«NADA» de Carmen Laforet narra o despertar de Andrea numa Barcelona enegrecida e depauperada pelos anos do regime franquista que se entranhou desmedidamente na parte da família que a recebe e que é suposto educá-la.
"Sem pensar duas vezes, lancei-me na escuridão das ruelas que a rodeiam. Nada podia acalmar e maravilhar a minha imaginação como aquela cidade gótica. Naufragando entre húmidas casas construídas sem estilo no meio das suas veneráveis cantarias, mas às quais os anos tinham dado uma pátina de um encanto especial, como se tivessem sido contagiadas pela beleza. (...) O frio mais intenso, engavetado entre as ruas sinuosas (...). Havia uma solidão impressionante como se todos os habitantes da cidade tivessem morrido."
Entramos neste belo e terrível romance, como o caracterizou Mário Vargas Llosa, e somos desde cedo confrontados com uma assumida tristeza que quebra a energia inicial com que Andrea chega e percorre uma Barcelona nocturna e húmida, mas que ainda assim a conquista e liberta, uma liberdade que demorará até voltar, já que o desalento com o cenário familiar bizarro, que a recebe é composto por pessoas em ruínas, destruturadas e tóxicas que nos recordam os ambientes confusos, violentos e de terror dos enredos de Shirley Jackson ou os mais melancólicos e pesarosos de Carson McCullers.

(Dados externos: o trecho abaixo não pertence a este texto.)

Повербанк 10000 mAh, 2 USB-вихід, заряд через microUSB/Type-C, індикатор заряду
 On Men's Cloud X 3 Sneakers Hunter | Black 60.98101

A decrépita casa da Rua de Aribau é tal como a tia Angústias, “um bocado vivo do passado que estorva a marcha das coisas.” e “Os dias sem importância (…) pesavam como uma quadrada pedra cinzenta no cérebro.” de Andrea, que se entregou à inércia dos dias inúteis. E são precisamente nas descrições dos dias inúteis e povoados de Nadas que Laforet domina as emoções dos leitor e nos cerca com esse ambiente. A atribuição de cheiros à nostalgia e à solidão ou até à humilhação conseguem uma dimensão ainda maior para a dor e o abandono, que desafiam a "sombra gelada da tarde (…) uma tarde de luz muito triste.", como muitas tardes em que Andrea vagueia, salvando-a apenas um reduto de Natureza e a amizade com Pons e Eva.
Já os tios são personagens em constante devaneio, seres soezes, ordinários e agressivos, que encontram na violência e na humilhação, uma forma de expiarem dos demónios que os corroem, ainda assim são dignos de uma incompreensível estima e até carinho que gera uma repulsa, extensível à tia Angústias no que toca à capacidade de ferir os sentimentos alheios. Até a avó, essa última folha* de uma árvore já extinta, cujo os ecos ainda ressoam e vibram nos sentimentos de todos, sobretudo em Glória.
*”(…) tive a sensação de estar perante uma daquelas últimas folhas de Outono, mortas na árvore, antes de serem arrancadas pelo vento.”
Arrancados, desenraizados e desbragados são tanto os personagens como as discussões bafientas que alimentam esta estranha relação familiar, que vive de argumentos já gastos: “(…) como pássaros envelhecidos e escuros, com os peitos palpitantes por terem voado muito num pedaço de céu muito pequeno.”
Um pedaço de céu muito pequeno é a casa, também ela personagem. Acozinha, a sala, as escadas ou até o quarto-orelha, todo "funciona" como um conjunto desconexo e grotesco em que tantos os rostos vazios habitam a casa, como a própria casa os habita a eles e os ocupa com a revolta e o esforço que sobrou de um passado recente e marcante. A casa, a rua e a própria cidade, outrora como eles, seres dignos de destaque, sobrou em escombros e sombras, sendo metáfora para a critica social que se lê nas entrelinhas.
Contracenam com a desolação dos trastes inúteis, acabrunhados sob uma carga de desvario, uma amizade propícia a novos despertares dessa mulher-menina que é Andrea ainda que mergulhada em ilusões e sonhos do campo e que reverdece a cada reencontro com pedaços soltos de natureza naquele poço gótico que era Barcelona.